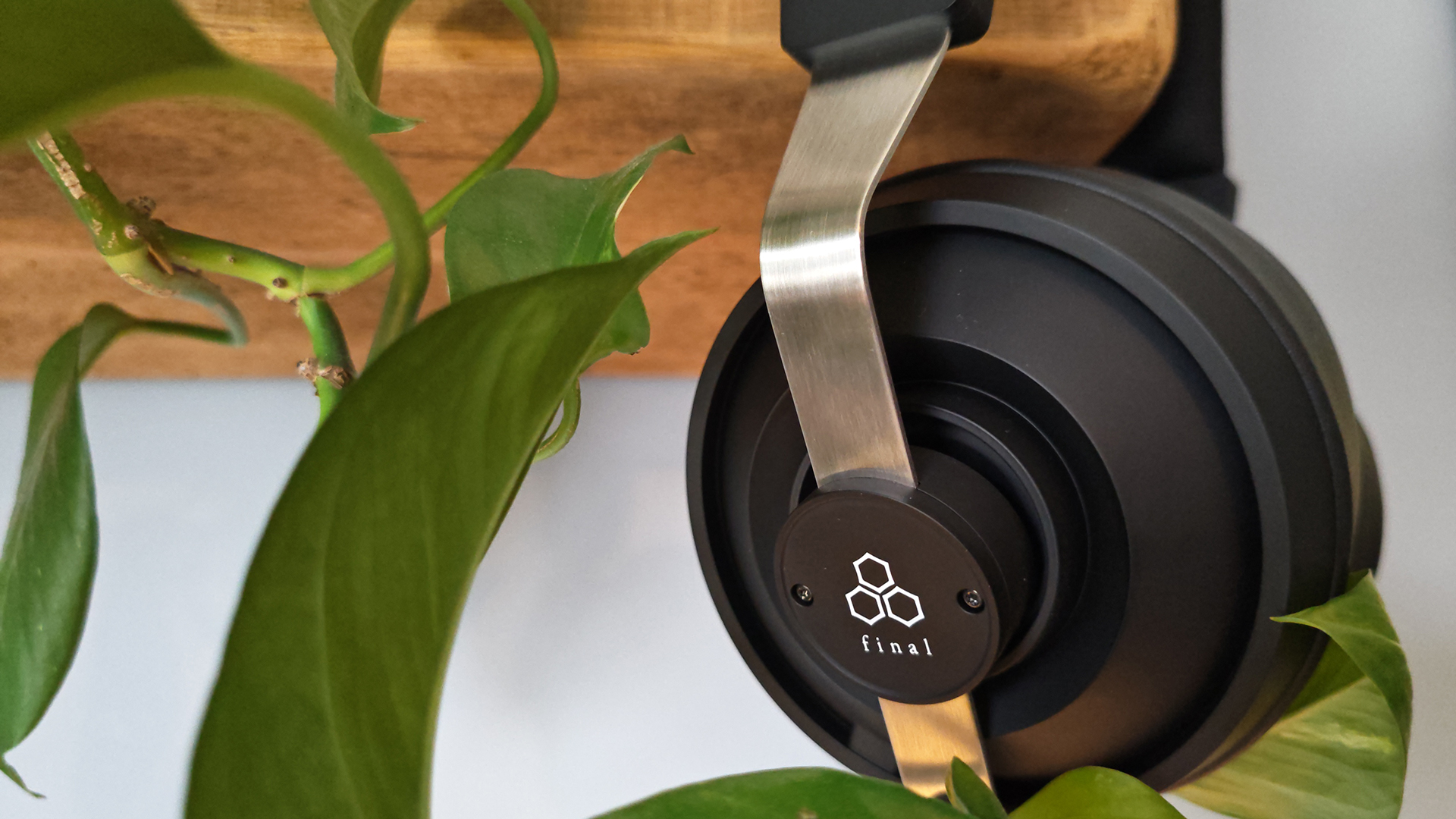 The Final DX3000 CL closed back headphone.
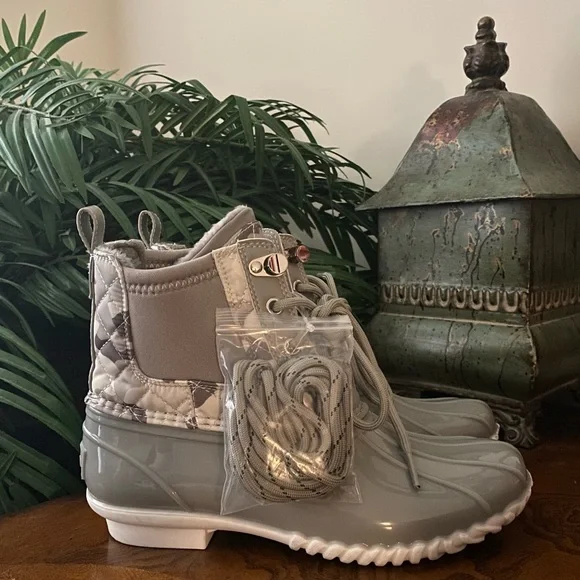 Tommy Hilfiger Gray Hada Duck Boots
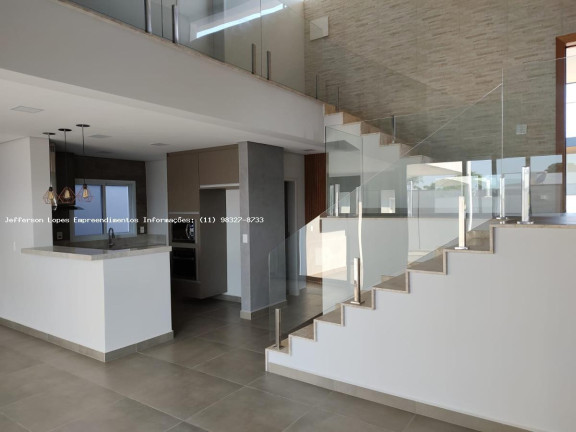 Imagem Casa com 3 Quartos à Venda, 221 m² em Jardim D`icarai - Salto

- - - -

Exercise requirements.
In your copy of the listing, please omit the pictures and keep every word exact.

Answer to this task.
 The Final DX3000 CL closed back headphone.
 Tommy Hilfiger Gray Hada Duck Boots
 Imagem Casa com 3 Quartos à Venda, 221 m² em Jardim D`icarai - Salto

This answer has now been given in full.